Die Autorin dieser Geschichte, Gertrude Eileen Trevelyan, geboren 1903 in Bath, Somerset, und gestorben an den Folgen eines Bombardements der Deutschen im Zweiten Weltkrieg, hatte offenbar ein ausgesprochen satirisches Temperament. Ihr erster Auftritt war ein 250-Zeilen Epos um „Julia, Tochter des Claudius“, in der sie einen obskuren Kult um eine 15-Jährige thematisiert, deren vollständig erhaltener Leichnam 1485 an der Via Appia ausgegraben worden war, und deren Verehrung der Papst durch Beschlagnahme des Leichnams unterband, weil er die Konkurrenz fürchtete - „Poem for a joke“ schrieb der Londoner „Daily Mail“ im Juni 1927. Und auch in diesem Buch spiegelt sich eine Debatte ihrer Zeit, nämlich die der vergleichenden Verhaltensforschung, die bei uns durch Konrad Lorenz mit seinen Graugänsen bekannt geblieben ist. Die Frage dabei: Sind Intelligenz und Charakter angeboren oder anerzogen? Dass die Autorin für lange Zeit vergessen war, liegt möglichweise auch an ihrer Aufgeschlossenheit für moderne, also nicht leicht zu konsumierende Erzählformen wie Bewusstseinsstrom, innerer Monolog und Montagetechniken.

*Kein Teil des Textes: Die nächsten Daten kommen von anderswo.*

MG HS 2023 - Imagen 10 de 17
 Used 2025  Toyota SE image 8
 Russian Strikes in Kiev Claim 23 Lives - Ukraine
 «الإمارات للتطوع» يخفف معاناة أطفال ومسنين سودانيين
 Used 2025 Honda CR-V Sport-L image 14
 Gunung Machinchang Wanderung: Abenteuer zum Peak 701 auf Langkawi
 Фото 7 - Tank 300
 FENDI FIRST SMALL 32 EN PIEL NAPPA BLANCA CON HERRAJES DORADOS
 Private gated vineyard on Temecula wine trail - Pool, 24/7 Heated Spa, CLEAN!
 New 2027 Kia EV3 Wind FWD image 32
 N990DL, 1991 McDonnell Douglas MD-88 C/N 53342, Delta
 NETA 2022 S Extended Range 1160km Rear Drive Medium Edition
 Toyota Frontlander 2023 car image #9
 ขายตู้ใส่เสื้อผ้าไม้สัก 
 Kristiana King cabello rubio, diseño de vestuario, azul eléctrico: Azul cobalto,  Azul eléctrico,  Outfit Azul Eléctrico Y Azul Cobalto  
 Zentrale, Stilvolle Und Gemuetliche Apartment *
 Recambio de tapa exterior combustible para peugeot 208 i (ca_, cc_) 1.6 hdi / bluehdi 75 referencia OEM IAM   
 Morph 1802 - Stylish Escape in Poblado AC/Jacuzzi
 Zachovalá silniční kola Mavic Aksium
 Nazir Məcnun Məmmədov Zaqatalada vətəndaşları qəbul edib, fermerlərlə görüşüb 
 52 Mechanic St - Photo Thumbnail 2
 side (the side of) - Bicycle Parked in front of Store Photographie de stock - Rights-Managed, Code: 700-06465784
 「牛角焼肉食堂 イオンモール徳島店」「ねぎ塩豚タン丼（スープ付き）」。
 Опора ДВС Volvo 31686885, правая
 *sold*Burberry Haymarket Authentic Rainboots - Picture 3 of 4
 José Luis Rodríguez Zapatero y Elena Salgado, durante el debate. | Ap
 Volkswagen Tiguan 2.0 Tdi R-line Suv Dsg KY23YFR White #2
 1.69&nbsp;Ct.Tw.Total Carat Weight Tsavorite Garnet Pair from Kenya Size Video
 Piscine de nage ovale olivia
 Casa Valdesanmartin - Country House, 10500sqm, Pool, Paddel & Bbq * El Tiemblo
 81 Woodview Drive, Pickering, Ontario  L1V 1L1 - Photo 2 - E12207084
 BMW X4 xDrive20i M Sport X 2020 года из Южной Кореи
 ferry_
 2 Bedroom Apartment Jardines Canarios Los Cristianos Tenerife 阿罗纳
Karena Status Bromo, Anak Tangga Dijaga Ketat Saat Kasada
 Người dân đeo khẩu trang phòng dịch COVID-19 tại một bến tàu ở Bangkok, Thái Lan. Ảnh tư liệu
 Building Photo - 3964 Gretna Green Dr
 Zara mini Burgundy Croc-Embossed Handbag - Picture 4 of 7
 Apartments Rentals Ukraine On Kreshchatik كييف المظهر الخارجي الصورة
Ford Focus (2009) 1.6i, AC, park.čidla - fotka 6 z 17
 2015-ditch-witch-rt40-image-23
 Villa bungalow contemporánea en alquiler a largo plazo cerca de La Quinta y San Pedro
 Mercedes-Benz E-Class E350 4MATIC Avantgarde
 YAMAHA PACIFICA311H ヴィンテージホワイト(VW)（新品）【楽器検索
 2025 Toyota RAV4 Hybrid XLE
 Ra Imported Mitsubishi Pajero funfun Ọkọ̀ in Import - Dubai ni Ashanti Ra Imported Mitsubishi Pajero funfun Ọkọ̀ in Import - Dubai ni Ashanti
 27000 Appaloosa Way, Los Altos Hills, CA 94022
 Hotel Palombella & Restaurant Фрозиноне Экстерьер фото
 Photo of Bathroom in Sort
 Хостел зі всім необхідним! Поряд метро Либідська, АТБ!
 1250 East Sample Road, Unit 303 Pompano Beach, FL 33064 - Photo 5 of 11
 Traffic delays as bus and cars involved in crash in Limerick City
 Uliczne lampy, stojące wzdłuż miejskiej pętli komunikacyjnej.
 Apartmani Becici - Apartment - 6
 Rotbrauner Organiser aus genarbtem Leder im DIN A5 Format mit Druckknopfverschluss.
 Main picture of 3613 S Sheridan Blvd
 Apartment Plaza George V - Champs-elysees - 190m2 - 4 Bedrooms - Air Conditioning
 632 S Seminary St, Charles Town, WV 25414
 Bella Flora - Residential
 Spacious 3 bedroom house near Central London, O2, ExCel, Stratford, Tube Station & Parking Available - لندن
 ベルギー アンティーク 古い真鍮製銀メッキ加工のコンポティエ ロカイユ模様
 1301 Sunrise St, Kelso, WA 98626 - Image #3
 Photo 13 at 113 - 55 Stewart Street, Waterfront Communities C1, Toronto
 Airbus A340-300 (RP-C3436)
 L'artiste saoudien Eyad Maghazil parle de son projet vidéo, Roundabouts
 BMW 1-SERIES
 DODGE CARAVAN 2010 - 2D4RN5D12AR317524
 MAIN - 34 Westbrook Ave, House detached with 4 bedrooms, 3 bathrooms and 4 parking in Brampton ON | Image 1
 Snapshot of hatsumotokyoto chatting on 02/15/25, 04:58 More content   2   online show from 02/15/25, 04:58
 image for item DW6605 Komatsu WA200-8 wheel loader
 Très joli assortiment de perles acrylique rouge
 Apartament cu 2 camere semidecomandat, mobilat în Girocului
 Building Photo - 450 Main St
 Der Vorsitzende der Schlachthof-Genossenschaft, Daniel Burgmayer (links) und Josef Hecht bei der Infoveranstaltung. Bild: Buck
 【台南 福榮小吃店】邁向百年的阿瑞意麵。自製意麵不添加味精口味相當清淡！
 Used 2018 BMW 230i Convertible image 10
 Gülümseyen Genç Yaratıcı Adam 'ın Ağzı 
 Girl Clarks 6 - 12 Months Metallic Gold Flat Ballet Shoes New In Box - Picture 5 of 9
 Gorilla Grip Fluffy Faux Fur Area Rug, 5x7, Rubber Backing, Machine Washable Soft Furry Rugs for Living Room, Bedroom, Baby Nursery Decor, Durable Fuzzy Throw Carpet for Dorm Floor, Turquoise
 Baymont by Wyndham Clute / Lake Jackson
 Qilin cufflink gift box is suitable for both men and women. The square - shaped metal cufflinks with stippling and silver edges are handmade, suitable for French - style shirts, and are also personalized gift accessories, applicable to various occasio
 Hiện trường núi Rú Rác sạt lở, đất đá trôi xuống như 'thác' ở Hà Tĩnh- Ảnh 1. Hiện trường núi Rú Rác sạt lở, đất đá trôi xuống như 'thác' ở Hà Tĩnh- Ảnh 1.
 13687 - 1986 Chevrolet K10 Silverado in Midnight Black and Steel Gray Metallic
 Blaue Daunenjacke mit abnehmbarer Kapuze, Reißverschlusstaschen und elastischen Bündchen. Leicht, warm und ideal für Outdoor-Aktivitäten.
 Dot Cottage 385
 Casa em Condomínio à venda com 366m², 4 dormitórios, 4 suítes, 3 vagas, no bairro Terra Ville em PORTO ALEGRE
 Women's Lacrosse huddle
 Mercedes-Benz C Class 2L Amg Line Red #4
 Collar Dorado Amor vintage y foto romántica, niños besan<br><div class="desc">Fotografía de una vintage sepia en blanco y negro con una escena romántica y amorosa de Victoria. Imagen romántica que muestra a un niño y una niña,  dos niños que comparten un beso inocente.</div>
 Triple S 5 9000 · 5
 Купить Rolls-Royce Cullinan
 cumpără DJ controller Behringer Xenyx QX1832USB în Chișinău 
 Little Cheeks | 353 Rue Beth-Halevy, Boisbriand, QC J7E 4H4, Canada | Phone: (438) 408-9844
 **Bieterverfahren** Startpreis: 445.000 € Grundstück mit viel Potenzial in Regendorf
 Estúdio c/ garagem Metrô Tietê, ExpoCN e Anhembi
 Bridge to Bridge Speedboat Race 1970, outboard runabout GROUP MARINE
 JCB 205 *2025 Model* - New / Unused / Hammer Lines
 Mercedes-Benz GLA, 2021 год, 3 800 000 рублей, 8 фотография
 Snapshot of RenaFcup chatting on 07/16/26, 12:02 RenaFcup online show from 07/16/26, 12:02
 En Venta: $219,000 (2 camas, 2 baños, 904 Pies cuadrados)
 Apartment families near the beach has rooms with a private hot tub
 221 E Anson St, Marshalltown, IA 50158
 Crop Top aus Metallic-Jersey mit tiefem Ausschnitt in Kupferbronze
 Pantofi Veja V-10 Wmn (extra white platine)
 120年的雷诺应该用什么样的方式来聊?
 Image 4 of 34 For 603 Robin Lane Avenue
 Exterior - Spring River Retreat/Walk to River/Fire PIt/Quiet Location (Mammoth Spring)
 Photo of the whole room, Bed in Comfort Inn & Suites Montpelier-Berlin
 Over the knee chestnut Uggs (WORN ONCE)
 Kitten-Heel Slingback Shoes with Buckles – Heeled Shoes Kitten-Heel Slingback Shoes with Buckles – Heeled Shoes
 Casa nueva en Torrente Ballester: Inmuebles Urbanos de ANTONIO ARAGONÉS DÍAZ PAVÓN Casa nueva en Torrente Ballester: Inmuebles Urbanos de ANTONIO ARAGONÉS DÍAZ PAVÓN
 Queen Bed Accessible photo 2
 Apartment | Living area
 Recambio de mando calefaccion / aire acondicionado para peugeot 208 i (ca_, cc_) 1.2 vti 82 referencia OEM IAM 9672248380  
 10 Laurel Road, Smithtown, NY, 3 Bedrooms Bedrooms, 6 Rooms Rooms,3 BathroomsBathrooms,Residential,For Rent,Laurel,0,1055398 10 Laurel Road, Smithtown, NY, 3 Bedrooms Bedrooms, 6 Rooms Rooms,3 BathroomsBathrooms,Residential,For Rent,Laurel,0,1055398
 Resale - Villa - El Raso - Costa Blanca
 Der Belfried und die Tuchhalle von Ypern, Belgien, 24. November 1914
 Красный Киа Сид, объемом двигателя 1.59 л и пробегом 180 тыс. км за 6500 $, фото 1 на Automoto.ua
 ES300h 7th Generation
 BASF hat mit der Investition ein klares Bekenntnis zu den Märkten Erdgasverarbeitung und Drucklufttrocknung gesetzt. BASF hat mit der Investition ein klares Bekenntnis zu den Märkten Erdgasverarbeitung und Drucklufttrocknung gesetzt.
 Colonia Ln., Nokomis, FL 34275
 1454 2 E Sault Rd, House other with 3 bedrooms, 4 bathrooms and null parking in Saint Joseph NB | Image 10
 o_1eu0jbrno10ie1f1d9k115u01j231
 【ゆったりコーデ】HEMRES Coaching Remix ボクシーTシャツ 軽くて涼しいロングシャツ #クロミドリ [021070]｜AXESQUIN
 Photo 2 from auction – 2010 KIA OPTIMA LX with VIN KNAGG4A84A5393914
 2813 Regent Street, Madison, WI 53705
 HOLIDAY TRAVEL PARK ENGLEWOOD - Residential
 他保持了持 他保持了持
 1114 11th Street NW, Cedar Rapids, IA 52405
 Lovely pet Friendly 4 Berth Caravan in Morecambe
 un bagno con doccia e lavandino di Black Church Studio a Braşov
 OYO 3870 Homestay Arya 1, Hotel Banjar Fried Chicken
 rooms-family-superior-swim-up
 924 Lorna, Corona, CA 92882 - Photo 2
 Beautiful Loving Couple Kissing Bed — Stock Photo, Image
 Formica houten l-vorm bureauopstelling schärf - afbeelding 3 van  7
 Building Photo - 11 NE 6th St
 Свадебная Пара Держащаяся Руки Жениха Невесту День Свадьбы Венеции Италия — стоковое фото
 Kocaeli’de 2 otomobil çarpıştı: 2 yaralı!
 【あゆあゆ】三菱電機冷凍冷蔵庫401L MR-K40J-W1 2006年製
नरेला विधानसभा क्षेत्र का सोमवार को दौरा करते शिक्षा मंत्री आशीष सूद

Virginias Besuch beim Tierhändler wirkt fabelhaft: „Aufgescheucht von ihrem Wagemut, halb berauscht vom Nervenkitzel des Experiments und ihrer Sinne beraubt durch den warmen Geruch nach Hund, Affe und Papagei“, ordert sie einen neugeborenen Orang-Utan. Jetzt kann sie beweisen, dass Affen wie Menschen sein könnten. Sie hofft damit auf einen wissenschaftlichen Durchbruch, also auch auf Ruhm und Ansehen. Zunächst findet sie sich in eine unerwartete Rolle als Mutter, die dem Kleinen sein Fläschchen macht, ein Tagebuch führt und sich an die Erziehung macht. Darin allerdings ist sie nach unseren Maßstäben altmodisch streng: „Gehorsam, Sauberkeit und Ordnung sind wichtig. Was es als erstes zu lernen gilt, ist Gehorsam…“

Mit der Zeit lernt Appius, der kleine Affe, sogar sprechen, bis sich eines Tages Kinder der Nachbarschaft an der Gartenmauer hochgehangelt haben und sich über ihn lautstark lustig machen: „Ein Affe in Menschenkleidung.“ Für Appius ein traumatisches Erlebnis, das eine Zeit lang verdrängt wird. Irgendwann aber greift Appius nach einem Tieralphabet-Buch und sieht bei A sich selbst abgebildet. Ein Orang-Utan. Das ist der Schock seines Lebens, wir erleben eine Bewusstwerdung, fast wie die Vertreibung von Adam und Eva aus dem Paradies. Wer bis hier noch nicht gelacht hat, kann das gar nicht. Virginia will seine Schwierigkeiten, die ungefähr denen eines pubertierenden Knaben ähneln, niederbügeln und so tun, als wäre nichts. Alles sehr menschlich, aber dann sieht der Affe sich im Spiegel. In Virginia scheint ein Zweifel an ihrem Experiment zu keimen. Während sie bedrückter wird, wird ihr Tier aggressiv. Appius zertrümmert die Einrichtung des Kinderzimmers. Hungrig streunt er mit wilden Rufen „Appius Frühstück“ durch das Haus, ist aber doch nicht intelligent genug, Vorratsschränke zu öffnen. Virginia bekommt Angst, für sie endet es tragisch. Heute ist es allenfalls tragikomisch. Und merkwürdigerweise wird man erinnert an „Coco, der neugierige Affe“, den H.A. Rey in den 1940er Jahren für Kinder erfand. So kann man dem Verlag nur danken, dass er G.E. Trevelyans heimlichen Klassiker zugänglich gemacht hat. Dass das bis heute einen Reiz hat, sehen wir an T.C Boyle, der es neunzig Jahre später mit seiner Geschichte von Aimée und Sam in „Talk to me“ neu aufgegriffen hat.